Divergent incident trends were found, with Asian and Hispanic women experiencing a more rapid increment. Besides, the incidence of TNBC increased dramatically among younger female and Hispanic women. These escalating tendencies warrant alarm. Asian survivors, survivors diagnosed at a younger age, and those with HR-negative preBC were subjected to an excess risk of developing and dying from SPC, while Asian and Hispanic survivors also encounter an additional excess risk of dying from other non-cancer diseases. Increasing preBC incidence in these subpopulations may result in disease burden, necessitating close surveillance of SPCs and expanded medical resources. These disparities might be associated with the difference in cancer screening rate, healthcare access, and socioeconomic status48,52. For example, the neighborhood socioeconomics could influence the cancer survival among Black and Hispanic individuals52. These systemic barrier factors above, take together, could result in a relative low quality of healthcare among the minorities, beyond genetics.

Integration of risk estimate by age, race/ethnicity, HR status, and initial treatment, and the demonstration of risk profile over time will be crucial for developing of individualized policies for preBC survivors. Particular SPC prevention strategies that target preBC survivors include relevant cancer screenings, genetic testing and counseling on hereditary genetic predisposition, mitigating behavioral and lifestyle risk factors, and immunization. Not only oncologists but also primary care physicians should educate preBC survivors to avoid unhealthy lifestyle behaviors and cancer-related infection. Substantial SPC risk and cardiotoxicity challenges posed by treatment should be addressed.

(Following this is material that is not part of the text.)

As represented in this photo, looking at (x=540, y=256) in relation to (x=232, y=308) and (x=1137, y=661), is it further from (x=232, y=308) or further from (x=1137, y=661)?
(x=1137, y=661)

Here, our study held significant potential to reshape post-cancer care strategies for preBC survivors. By identifying the elevated risks of SPCs and non-cancer mortality, our findings highlight the urgent need for targeted surveillance and public health policies. These strategies will guide healthcare resource allocation and improve long-term outcomes for preBC survivors. Personalized approaches, informed by genetic profiling, will enable the identification of high-risk individuals. Further research is warranted to analyze genetic, lifestyle, and environmental factors contributing to vulnerability in preBC survivors, ultimately aiding in the development of preventive strategies and improving survival.

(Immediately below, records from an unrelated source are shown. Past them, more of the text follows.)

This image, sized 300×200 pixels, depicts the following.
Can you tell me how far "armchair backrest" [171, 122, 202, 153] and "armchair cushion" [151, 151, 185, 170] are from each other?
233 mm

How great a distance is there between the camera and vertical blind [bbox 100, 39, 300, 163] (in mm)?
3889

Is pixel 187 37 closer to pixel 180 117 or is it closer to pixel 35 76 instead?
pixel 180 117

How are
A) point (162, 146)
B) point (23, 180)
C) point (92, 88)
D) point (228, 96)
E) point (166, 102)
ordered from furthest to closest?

Several limitations should be noted. First, the SEER database did not record the information on menopause status, so the precise definition of premenopausal onset BC cannot be determined for these survivors. We adopted the age of 60 years was chosen as the cutoff to assure conformity based on the NCCN guidelines28. Also, sensitivity analyses were performed for age cutoffs of 55 years according to the epidemiological evidence53. Second, we excluded survivors with distant stages due to their poor survival, although SPCs could still occur in this population. Sensitivity analyses were performed to address this. Third, we did not stratify the risk by chemotherapy and radiotherapy regimen. Forth, the underlying the causes of mortality were not analyzed because these data were not available in SEER database. This may underestimate the risk. Fifth, the unmeasured confounders, such as lifestyle variables including physical activity, diet quality, and sleep pattern, were not included in this study and might influence the long-term outcomes.

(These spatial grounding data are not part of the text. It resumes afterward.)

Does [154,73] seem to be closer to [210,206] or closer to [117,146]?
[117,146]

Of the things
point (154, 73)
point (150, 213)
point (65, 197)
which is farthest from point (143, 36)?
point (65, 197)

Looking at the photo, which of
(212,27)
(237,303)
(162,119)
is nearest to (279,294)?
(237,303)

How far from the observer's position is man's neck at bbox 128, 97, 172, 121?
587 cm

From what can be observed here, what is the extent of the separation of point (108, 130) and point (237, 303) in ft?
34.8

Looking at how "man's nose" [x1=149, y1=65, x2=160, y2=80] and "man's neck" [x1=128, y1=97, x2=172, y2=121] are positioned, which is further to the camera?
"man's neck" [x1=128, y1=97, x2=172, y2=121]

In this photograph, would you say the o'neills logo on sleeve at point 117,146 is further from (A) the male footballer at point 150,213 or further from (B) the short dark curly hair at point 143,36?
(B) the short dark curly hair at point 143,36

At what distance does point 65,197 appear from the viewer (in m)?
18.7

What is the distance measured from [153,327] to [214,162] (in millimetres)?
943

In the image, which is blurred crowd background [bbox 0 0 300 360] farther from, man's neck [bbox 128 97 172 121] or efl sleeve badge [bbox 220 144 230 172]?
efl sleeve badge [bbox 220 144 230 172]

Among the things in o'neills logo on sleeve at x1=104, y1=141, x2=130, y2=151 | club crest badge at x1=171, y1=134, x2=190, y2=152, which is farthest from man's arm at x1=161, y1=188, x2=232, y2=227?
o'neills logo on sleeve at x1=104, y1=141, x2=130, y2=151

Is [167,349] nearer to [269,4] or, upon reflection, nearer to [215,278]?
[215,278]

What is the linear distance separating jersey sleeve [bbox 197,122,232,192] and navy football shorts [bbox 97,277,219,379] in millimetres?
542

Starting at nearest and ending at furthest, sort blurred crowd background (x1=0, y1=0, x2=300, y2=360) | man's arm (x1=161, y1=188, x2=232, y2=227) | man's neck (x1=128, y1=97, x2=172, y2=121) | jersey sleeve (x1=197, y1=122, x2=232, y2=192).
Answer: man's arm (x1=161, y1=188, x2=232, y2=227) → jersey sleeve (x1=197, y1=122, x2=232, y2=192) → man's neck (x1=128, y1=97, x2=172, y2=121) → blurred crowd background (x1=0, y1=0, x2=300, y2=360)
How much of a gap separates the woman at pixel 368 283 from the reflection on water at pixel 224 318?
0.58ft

The preBC survivors in the US displayed an elevated risk of developing and dying from SPCs. The risk of mortality from noncancer disease was elevated among non-White survivors of multiple diseases. The portion of death attributable to SPC and CVD increased, while that attributable to BC decreased. The incidence of preBC is rising among those at risk for developing and dying from SPCs and other noncancer diseases identified in this study. Findings highlighted the imperative and long-term necessity of placing a high priority on the surveillance of SPCs and the allocation of medical resources for preBC survivors.